Green Conviction Makes Polygamous Clans Wary

Salt Lake Tribune/May 20, 2001
By Bob Mims

Cedar City -- The conviction of polygamist Tom Green on bigamy charges could make an estimated 30,000 Utahns in plural marriages less likely to trust law enforcement with reports of domestic or child abuse, three polygamous wives warn.

Green, who has 29 children and five current wives (he has had 10 wives in total), was convicted late Friday on four counts of bigamy and one count of criminal nonsupport. When sentenced June 27 in Provo's 4th District Court, he could receive a total of 25 years in prison.

News of the conviction was sending chilling ripples through Utah's polygamist communities Saturday when the subject came up for a panel discussion during the Mormon History Association convention at Southern Utah State University.

"We're disappointed with the bigamy convictions. It sets a precedent," said Mary Batchelor, who said she had lived three years in a plural marriage. "The possibility now exists" for prosecution of other men practicing polygamy.

"This could make it less likely that [child abuse] complaints will come forward," Batchelor added, noting that polygamous families will fear exposure of their fathers to bigamy prosecutions.

"Charging a polygamist with bigamy puts all polygamists at risk," she said.

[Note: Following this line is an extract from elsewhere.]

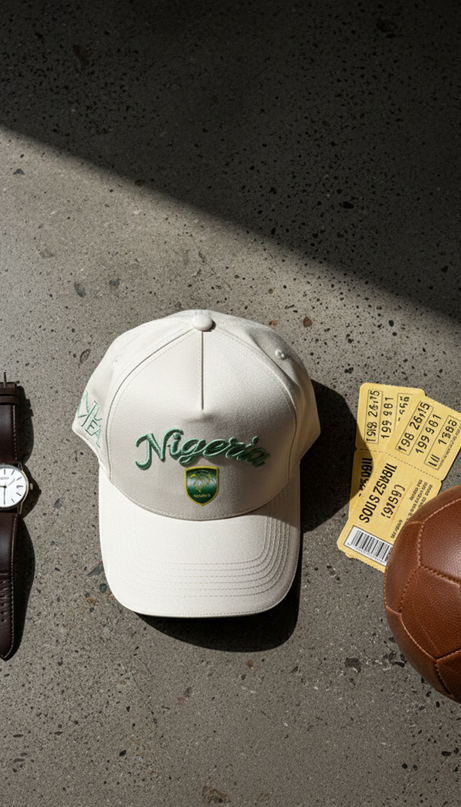 Casquette Nigeria- Beige Héritage édition Exclusive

Batchelor and fellow panelists Anne Wilde and Marianne Watson co-authored Voices in Harmony: Contemporary Women Celebrate Plural Marriage. The book, published last year, contains dozens of testimonials from women who say they are happy in polygamy.

None of the three women agreed with how Green practiced his particular brand of plural marriage -- which prosecutors alleged included sexual relations with underage brides -- but they expressed compassion for the fate of his family.

Wilde, who called Green a friend, tearfully urged the audience of more than 100 to "consider him as a man . . . a father and a husband who in his own way tried to do what he thought was right. He has these wives and all these children," she said.

The three women also assailed the news media, saying recent coverage of polygamy in general and the Green case in particular unfairly lumped all poly- gamists together.

Actually, half of those in plural marriages in Utah are independent of organized sects. Even among the larger established groups, doctrines and practices vary.

While many polygamists refer to themselves as "Fundamentalist Mormons," The Church of Jesus Christ of Latter-day Saints flatly denounces the practice today.

Indeed, plural marriage has been an offense warranting excommunication since 1890 when the LDS Church outlawed the practice once embraced by church founder Joseph Smith, Brigham Young and others.

Less misinformation and more understanding are needed if Utah is to avoid returning to the kind of anti-polygamy sentiments that led to raids on plural marriage settlements in the 1940s and 1950s, when fathers were jailed and families broken up, the women said.

"We believe there needs to be an open dialogue between our people and the rest of society, between our people and the state," Batchelor said.